All templates are re-exported from the package root:
from dagsampler import (
CausalDataGenerator,
chain_config,
fork_config,
collider_config,
indep_config,
independence_config,
)
Common arguments¶
Most templates accept a mechanism argument selecting the structural form
applied to endogenous continuous/binary nodes:
"linear"— weighted sum of parents with additive Gaussian noise."sigmoid"—tanhof a weighted parent sum, plus additive Gaussian noise."stratum_means"— required when any parent is categorical; the simulator falls back to"linear"automatically when no categorical parent is present.
Categorical endogenous nodes always use
categorical_model = {"name": "logistic"} regardless of the mechanism
argument.
The seed argument can be:
an
int— sets bothseed_structureandseed_datato the same value;a
dictlike{"structure": 1, "data": 2}— sets each stream independently;None— leaves both streams unseeded.
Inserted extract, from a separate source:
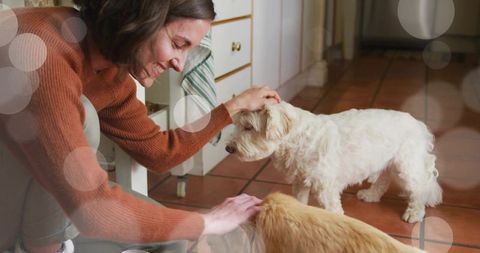 Crouching woman petting two small dogs on terracotta kitchen floor with warm bokeh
The optional post_transform argument, when set, applies the named
post-nonlinear transform (any key from the post-transform registry — see
Model Formulations) to every endogenous continuous node.
independence_config / indep_config¶
A no-edge config: every node is exogenous. Useful for null scenarios in CI benchmarks.
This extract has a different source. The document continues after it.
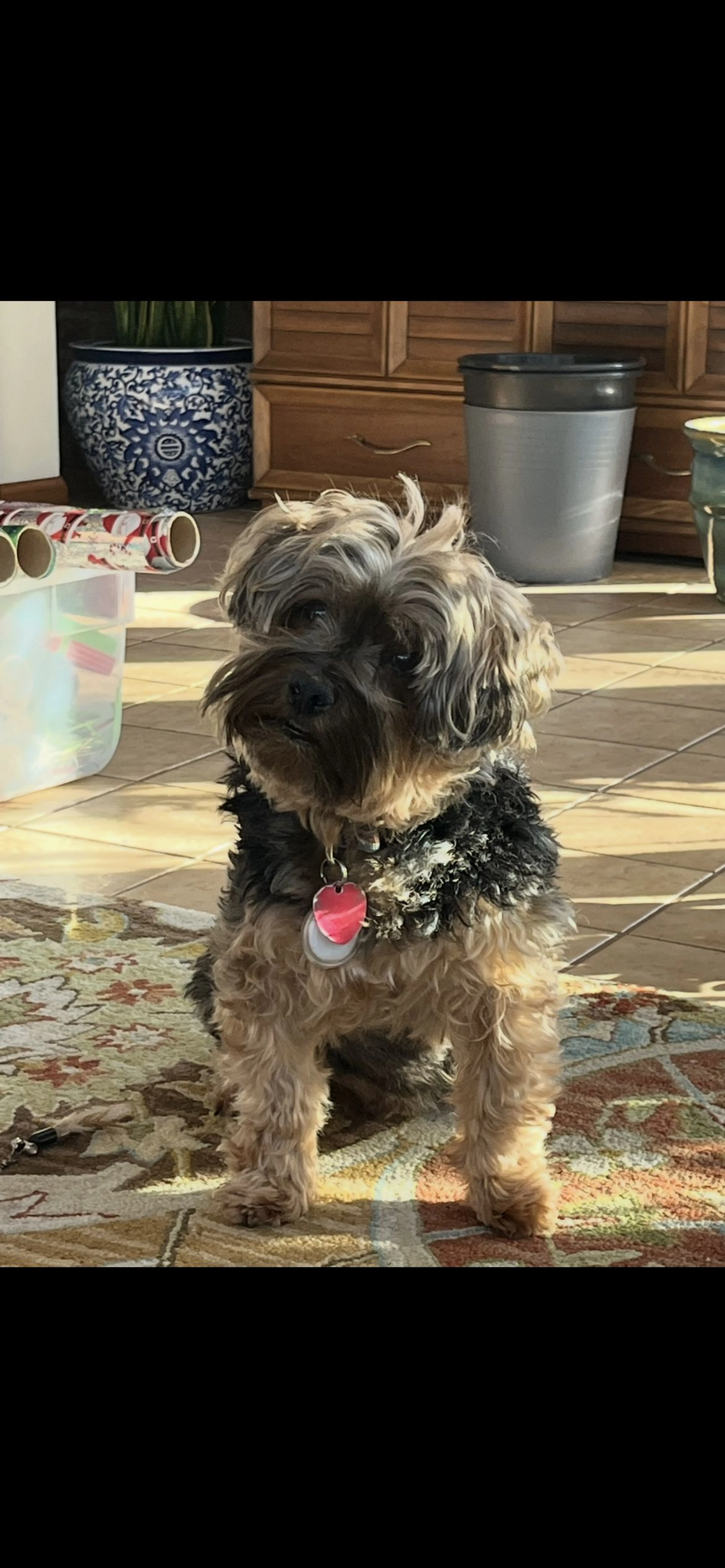 Lost pet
cfg = independence_config(
var_specs=[
{"name": "X", "type": "continuous"},
{"name": "B", "type": "binary"},
{"name": "C", "type": "categorical", "cardinality": 4},
],
n_samples=300,
seed=7,
force_uniform=True,
)
indep_config is a backward-compatible shorthand: if var_specs is
omitted, it generates n_vars variables of a single node_type named
{prefix}0..{prefix}{n_vars-1}.
cfg = indep_config(n_vars=5, node_type="binary", n_samples=300, seed=7)
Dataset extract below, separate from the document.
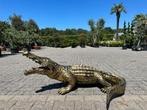 Brons - Goud kleurig krokodil beeld te koop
When force_uniform=True (default), the config sets
simulation_params.force_uniform_marginals = true so binary nodes get an
exact 50/50 split and categorical nodes get equal class counts.
chain_config¶
A chain var_specs[0] -> var_specs[1] -> ... -> var_specs[-1]. The first
node is exogenous; each subsequent node is endogenous with the previous as its
single parent.
cfg = chain_config(
var_specs=[
{"name": "X", "type": "continuous"},
{"name": "M", "type": "continuous"},
{"name": "Y", "type": "continuous"},
],
mechanism="linear",
n_samples=400,
seed={"structure": 11, "data": 12},
post_transform="tanh",
)
fork_config¶
A fork root -> left, root -> right (a common cause / confounder
pattern). var_specs is a dict with keys "root", "left",
"right".
cfg = fork_config(
var_specs={
"root": {"name": "Z", "type": "continuous"},
"left": {"name": "X", "type": "continuous"},
"right": {"name": "Y", "type": "continuous"},
},
mechanism="linear",
n_samples=300,
seed=42,
)
collider_config¶
A v-structure left -> collider, right -> collider. left and
right are exogenous; collider has both as parents.
cfg = collider_config(
var_specs={
"left": {"name": "X", "type": "continuous"},
"right": {"name": "Y", "type": "continuous"},
"collider": {"name": "Z", "type": "continuous"},
},
mechanism="linear",
n_samples=300,
seed=42,
)
Putting it together¶
Each template returns a plain dict ready to hand to
CausalDataGenerator:
from dagsampler import CausalDataGenerator, chain_config
cfg = chain_config(
var_specs=[
{"name": "X", "type": "continuous"},
{"name": "Y", "type": "continuous"},
],
mechanism="linear",
n_samples=200,
seed=0,
)
result = CausalDataGenerator(cfg).simulate()